Optimal error of query sets under the differentially-private matrix mechanism
This work addresses the challenge of optimizing privacy-accuracy trade-offs for data analysts, but it is incremental as it builds on existing matrix mechanism theory.
The paper tackles the problem of determining the minimum error achievable for releasing synthetic data under differential privacy when answering sets of linear counting queries using the matrix mechanism, establishing a novel lower bound that relates workload hardness to spectral properties.

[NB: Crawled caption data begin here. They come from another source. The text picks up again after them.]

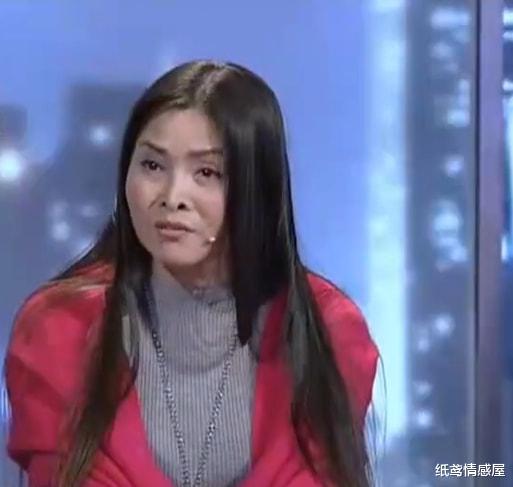 花心丈夫转走家里财产,妻子一查收款人,气的当即提出离婚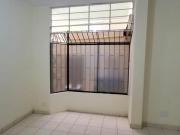 En venta departamento en primer piso, frente a parque,...
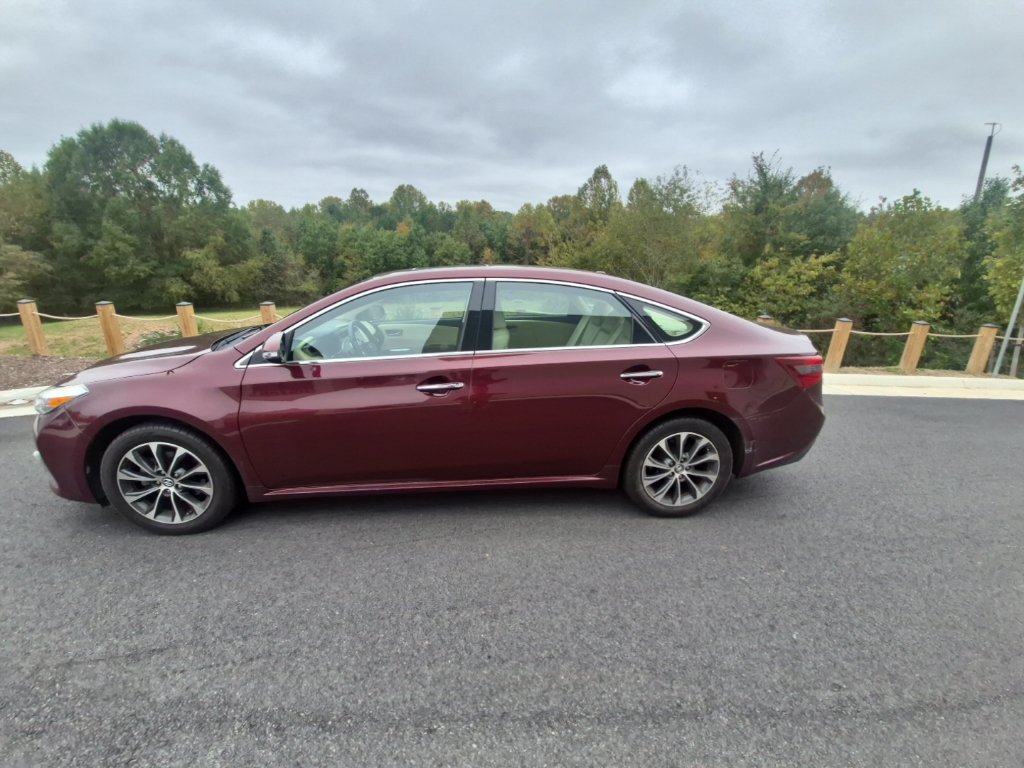 Used 2016 Mica Toyota XLE Plus image 10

A common goal of privacy research is to release synthetic data that satisfies a formal privacy guarantee and can be used by an analyst in place of the original data. To achieve reasonable accuracy, a synthetic data set must be tuned to support a specified set of queries accurately, sacrificing fidelity for other queries. This work considers methods for producing synthetic data under differential privacy and investigates what makes a set of queries "easy" or "hard" to answer. We consider answering sets of linear counting queries using the matrix mechanism, a recent differentially-private mechanism that can reduce error by adding complex correlated noise adapted to a specified workload. Our main result is a novel lower bound on the minimum total error required to simultaneously release answers to a set of workload queries. The bound reveals that the hardness of a query workload is related to the spectral properties of the workload when it is represented in matrix form. The bound is most informative for $(ε,δ)$-differential privacy but also applies to $ε$-differential privacy.